Le bleu, les thèmes de l’eau et du voyage sont omniprésents ; l’eau comme métaphore non seulement de la fluidité de l’identité mais aussi pour évoquer le mouvement perpétuel et la connexion entre les femmes du monde entier. « Mon utilisation du bleu, ma représentation de bateaux et de vagues dans certaines de mes œuvres et même ma représentation de femmes pirates (…) sont une façon pour moi de rendre hommage à des explorations courageuses et créatives de soi, qui sont aussi profondes et vastes que l’océan ! », déclare l’artiste.
Parallèlement à l’exposition, quelques œuvres plus anciennes ponctuent le parcours de la visite du château, clins d’œil de l’artiste en résonance avec le lieu comme le double portrait carnavalesque Laughing Wall, Wailing Wall (Mur des rires, mur des lamentations), 2016 et Tears of Laughter (Larmes de rire), 2019, pied-de-nez à l’autorité de la peinture de portrait historique, les portraits de femmes – fleurs masquées de la série Dark Flora (2011 – 2012) évocateurs de l’ambiance libertine des fêtes organisées à Haroué au XVIIIe siècle par la ravissante Marie-Françoise-Catherine de Beauvau-Craon ou encore le « livre-peinture » Sol (2019), dont le portrait fantastique invite à se laisser porter par la beauté enchanteresse du château.
Biographie de l’artiste
Alicia Paz est née au Mexique en 1967 et vit actuellement à Londres. Elle est diplômée de la University of California, Berkeley, de l’École Nationale des Beaux-Arts, Paris, du Goldsmiths College et du Royal College of Art, Londres. Parmi ses expositions personnelles, on compte Juntas, Maison de l’Amérique latine, Paris (2022), River and Sea, Beecroft Gallery, Southend-on-Sea (Royaume-Uni, 2021), River Makers, 20-21 Visual Arts Center, North Lincolnshire (R.U, 2021), Museo Leonora Carrington, San Luis Potosí, (Mexique, 2019), The Garden of Folies, Kunstmuseum Kloster Liebe Frauen, Magdeburg (Allemagne, 2016), galerie Dukan à Leipzig (Allemagne, 2014), Institut Culturel du Mexique à Paris (2013). Une semi-rétrospective de son œuvre a été organisée au L.A.C. à Sigean en collaboration avec le FRAC Occitanie dans le cadre de la manifestation Casanova Forever (2010).

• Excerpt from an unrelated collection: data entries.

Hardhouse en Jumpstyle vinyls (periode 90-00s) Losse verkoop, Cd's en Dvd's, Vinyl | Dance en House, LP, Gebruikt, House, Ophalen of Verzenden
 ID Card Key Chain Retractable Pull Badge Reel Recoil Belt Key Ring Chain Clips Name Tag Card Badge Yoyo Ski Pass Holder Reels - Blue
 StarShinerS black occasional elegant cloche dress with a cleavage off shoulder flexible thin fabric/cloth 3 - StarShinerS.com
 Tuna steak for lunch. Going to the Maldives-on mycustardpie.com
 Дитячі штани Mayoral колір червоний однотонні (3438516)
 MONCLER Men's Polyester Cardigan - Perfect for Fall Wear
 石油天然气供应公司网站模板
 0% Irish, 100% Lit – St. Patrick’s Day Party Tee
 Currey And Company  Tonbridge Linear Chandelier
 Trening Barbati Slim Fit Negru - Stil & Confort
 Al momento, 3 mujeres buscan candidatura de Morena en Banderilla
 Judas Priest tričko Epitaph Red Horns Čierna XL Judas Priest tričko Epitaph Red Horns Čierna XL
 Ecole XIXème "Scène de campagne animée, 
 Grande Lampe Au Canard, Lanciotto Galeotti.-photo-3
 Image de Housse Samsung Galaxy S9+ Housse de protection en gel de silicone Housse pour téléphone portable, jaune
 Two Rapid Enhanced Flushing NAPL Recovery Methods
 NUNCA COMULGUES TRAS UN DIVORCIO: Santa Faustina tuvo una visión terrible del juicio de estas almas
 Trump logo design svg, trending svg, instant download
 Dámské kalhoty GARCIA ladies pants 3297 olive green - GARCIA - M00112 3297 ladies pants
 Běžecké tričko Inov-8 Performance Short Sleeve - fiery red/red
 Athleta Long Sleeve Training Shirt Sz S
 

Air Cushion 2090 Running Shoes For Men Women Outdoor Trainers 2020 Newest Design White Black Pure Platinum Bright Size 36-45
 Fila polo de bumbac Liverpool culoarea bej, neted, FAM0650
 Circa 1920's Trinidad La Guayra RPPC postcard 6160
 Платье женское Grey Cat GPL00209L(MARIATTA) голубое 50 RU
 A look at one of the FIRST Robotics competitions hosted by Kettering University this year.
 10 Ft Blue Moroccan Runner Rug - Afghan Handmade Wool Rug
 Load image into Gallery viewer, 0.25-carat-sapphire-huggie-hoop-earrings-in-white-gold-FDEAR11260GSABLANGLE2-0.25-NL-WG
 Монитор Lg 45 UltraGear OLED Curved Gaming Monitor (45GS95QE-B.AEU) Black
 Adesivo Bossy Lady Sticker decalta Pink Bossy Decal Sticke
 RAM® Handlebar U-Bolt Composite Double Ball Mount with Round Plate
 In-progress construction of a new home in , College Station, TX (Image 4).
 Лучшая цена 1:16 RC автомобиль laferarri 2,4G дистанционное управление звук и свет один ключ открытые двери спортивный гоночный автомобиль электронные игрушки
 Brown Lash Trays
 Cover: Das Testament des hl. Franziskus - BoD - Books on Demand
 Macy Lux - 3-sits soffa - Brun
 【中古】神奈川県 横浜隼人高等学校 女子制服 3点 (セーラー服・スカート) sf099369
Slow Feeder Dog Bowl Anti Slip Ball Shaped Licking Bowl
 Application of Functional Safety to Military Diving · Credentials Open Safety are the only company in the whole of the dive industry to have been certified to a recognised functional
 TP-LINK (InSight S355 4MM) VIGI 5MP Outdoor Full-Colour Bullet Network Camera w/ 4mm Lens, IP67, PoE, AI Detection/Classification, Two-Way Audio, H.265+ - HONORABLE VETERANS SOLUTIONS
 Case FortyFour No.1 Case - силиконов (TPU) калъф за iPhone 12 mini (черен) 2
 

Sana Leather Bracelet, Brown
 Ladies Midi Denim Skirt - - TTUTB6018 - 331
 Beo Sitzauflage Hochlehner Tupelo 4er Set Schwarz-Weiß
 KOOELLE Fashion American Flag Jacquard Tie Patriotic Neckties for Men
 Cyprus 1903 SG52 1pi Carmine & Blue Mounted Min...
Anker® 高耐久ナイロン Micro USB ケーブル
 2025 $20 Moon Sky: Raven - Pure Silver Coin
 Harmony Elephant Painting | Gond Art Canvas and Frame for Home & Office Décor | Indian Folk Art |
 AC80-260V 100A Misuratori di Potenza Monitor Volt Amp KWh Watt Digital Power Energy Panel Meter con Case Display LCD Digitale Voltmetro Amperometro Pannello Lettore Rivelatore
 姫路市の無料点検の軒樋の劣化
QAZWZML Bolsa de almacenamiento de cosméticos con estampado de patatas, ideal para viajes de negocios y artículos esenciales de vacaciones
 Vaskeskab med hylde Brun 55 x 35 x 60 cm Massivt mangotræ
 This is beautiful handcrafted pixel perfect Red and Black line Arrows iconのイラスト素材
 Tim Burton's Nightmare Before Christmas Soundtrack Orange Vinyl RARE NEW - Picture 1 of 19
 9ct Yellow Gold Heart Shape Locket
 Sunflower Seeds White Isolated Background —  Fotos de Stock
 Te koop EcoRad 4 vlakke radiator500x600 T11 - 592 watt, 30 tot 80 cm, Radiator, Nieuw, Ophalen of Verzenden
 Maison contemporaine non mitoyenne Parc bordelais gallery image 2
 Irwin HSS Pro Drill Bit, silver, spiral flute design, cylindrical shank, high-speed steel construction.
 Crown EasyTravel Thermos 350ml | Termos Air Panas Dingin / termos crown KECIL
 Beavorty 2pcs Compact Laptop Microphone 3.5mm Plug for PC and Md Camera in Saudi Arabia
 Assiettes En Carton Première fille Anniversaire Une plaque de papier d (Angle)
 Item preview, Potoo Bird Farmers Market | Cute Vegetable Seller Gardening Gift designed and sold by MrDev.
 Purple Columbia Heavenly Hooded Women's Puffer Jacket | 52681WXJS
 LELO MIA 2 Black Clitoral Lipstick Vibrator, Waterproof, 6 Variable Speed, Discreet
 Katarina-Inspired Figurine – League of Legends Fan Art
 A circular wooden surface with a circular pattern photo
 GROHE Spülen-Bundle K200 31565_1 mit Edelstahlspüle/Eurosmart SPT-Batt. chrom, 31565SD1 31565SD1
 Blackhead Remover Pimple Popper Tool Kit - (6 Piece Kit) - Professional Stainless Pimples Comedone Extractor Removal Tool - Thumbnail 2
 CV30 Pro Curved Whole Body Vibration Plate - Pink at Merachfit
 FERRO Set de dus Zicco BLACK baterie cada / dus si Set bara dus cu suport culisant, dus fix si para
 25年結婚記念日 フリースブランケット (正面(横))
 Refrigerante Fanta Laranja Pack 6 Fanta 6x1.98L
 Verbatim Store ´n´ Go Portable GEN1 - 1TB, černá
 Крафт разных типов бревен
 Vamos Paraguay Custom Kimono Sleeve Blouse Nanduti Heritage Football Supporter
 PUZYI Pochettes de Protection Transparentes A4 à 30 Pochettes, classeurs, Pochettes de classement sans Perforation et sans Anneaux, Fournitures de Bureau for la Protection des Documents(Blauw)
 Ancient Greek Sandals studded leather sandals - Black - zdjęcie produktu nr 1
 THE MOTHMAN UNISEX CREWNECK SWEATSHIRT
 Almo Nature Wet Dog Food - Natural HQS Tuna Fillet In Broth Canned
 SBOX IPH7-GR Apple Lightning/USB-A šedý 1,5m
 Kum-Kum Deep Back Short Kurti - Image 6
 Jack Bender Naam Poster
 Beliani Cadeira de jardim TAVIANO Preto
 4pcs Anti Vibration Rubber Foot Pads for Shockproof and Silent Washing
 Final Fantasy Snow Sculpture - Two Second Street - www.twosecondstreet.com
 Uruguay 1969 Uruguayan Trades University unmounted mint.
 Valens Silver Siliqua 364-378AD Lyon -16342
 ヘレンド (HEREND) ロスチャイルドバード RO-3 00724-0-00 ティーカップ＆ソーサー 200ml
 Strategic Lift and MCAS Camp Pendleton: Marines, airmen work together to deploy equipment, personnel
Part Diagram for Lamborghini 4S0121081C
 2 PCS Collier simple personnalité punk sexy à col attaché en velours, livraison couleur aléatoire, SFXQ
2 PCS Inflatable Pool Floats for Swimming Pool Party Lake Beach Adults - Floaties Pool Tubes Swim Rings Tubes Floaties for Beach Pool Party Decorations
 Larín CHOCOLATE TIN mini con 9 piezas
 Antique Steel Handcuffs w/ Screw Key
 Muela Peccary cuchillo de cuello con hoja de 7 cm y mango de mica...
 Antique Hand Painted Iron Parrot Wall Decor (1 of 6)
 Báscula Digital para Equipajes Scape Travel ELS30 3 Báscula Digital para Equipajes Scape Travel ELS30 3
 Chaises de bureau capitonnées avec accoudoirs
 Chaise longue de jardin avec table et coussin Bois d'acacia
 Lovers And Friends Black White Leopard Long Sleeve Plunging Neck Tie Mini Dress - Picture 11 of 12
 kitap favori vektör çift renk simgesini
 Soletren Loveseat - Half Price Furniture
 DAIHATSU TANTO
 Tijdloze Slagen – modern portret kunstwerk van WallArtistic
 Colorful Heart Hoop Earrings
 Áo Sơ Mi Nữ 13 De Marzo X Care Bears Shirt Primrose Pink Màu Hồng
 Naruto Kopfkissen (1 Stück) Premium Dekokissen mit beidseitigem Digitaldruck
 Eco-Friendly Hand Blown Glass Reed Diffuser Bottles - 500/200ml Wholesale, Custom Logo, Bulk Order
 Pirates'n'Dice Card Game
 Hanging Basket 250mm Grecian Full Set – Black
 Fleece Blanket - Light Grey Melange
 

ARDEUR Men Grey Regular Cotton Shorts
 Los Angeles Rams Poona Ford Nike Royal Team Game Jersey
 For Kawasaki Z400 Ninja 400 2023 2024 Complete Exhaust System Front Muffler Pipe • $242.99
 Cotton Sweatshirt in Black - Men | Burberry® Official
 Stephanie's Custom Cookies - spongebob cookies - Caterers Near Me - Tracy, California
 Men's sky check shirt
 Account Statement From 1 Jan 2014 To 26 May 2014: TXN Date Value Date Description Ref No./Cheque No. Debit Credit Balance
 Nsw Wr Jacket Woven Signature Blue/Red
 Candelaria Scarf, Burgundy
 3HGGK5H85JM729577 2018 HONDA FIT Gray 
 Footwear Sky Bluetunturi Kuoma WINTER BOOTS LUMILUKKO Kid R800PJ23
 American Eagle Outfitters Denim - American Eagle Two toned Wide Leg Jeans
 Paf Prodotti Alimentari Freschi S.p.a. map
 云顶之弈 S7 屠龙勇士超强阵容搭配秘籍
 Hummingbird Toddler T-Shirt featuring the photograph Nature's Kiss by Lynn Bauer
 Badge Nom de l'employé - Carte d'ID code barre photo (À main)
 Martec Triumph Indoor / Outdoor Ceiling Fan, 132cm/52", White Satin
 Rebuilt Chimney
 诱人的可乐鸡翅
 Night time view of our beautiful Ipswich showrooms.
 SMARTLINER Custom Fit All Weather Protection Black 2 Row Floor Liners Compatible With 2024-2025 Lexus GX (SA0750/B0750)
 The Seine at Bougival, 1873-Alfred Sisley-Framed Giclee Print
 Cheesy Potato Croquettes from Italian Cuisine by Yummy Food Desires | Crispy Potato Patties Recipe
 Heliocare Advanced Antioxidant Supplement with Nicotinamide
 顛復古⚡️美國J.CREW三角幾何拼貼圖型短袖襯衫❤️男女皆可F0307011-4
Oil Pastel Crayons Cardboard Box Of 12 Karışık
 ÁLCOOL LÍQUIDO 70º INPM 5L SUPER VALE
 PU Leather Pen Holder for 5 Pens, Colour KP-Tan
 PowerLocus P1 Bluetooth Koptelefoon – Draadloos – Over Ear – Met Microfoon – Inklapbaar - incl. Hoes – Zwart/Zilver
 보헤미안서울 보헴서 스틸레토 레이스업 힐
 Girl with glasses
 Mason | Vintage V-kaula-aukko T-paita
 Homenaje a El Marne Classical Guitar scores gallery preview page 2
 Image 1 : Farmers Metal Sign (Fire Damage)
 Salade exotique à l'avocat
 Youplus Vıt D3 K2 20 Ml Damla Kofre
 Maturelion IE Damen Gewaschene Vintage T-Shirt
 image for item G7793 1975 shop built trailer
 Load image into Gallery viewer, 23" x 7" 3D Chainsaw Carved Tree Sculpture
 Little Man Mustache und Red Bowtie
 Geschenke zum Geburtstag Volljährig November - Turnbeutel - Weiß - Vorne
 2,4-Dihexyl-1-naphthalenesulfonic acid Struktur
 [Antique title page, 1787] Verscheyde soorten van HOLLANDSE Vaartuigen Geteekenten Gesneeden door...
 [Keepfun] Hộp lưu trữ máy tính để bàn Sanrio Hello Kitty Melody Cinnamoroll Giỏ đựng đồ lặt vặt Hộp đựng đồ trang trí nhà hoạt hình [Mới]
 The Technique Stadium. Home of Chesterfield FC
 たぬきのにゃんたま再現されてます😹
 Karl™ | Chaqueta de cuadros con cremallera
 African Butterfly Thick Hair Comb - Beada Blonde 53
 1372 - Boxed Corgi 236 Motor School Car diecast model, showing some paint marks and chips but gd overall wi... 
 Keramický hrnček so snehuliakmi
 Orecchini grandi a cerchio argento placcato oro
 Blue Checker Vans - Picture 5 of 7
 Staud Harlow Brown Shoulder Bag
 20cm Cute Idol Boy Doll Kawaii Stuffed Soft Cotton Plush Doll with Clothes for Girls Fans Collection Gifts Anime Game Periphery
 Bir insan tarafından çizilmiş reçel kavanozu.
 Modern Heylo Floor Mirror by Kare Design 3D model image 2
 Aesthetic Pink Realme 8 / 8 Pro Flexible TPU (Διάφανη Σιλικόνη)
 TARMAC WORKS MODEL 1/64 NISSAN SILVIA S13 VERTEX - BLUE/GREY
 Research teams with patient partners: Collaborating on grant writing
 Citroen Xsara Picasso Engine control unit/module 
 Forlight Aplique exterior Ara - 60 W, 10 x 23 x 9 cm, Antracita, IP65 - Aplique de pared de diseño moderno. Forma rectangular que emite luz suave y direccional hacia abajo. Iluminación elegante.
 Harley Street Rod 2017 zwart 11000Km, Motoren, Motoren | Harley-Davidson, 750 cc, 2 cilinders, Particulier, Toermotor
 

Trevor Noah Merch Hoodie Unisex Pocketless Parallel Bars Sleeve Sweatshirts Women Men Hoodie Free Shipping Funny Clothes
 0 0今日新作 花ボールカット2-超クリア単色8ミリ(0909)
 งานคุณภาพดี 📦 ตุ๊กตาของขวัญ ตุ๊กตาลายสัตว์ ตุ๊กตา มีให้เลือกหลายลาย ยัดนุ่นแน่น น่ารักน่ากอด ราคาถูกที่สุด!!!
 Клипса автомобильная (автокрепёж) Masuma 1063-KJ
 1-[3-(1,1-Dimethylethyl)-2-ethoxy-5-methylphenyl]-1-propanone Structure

Alicia Paz a participé à de nombreuses expositions collectives telles que Le Cabaret du Néant, FRAC Ile-de-France, Château de Rentilly (2020), Life Stories, Chatsworth House, Derbyshire (Royaume-Uni, 2021), Emotionarama, PEER, London (2021) Tous de sang-mêlés, MACVAL, Vitry-sur-Seine, France (2017), Heute. Spektrum. Malerei, Kunstmuseum Magdeburg (2012), Slow Magic, Contemporary Approaches to Painting, Bluecoat Gallery, Liverpool (2009). Ses œuvres sont conservées dans diverses collections privées et publiques en France et à l’étranger : Maison de l’Amérique latine, Paris, Musée d’art moderne de Céret, Frac Île-de France, Frac Occitanie Montpellier, Fonds d’art contemporain – Paris Collections, Chelsea and Westminster Hospital, Londres (Royaume-Uni), Kunstmuseum Kloster Unser Lieben Frauen, Magdeburg (Allemagne), Museo de Arte Latinoamericano de Buenos Aires (Argentine), Museo Leonora Carrington, San Luis Potosí, (Mexique).